● Prompt: The data below holds the lines to copy: everything from the line containing "Reportedly drunk woman" to the line containing "Still life oil", both ends included, set down exactly.

● Data for this task:
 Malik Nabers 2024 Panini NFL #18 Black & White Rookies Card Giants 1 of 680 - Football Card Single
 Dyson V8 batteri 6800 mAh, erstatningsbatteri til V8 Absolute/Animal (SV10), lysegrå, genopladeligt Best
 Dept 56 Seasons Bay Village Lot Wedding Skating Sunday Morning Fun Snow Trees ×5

...

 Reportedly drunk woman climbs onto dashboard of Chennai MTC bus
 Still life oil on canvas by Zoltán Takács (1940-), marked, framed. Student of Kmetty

● Response:
 Reportedly drunk woman climbs onto dashboard of Chennai MTC bus
 Still life oil on canvas by Zoltán Takács (1940-), marked, framed. Student of Kmetty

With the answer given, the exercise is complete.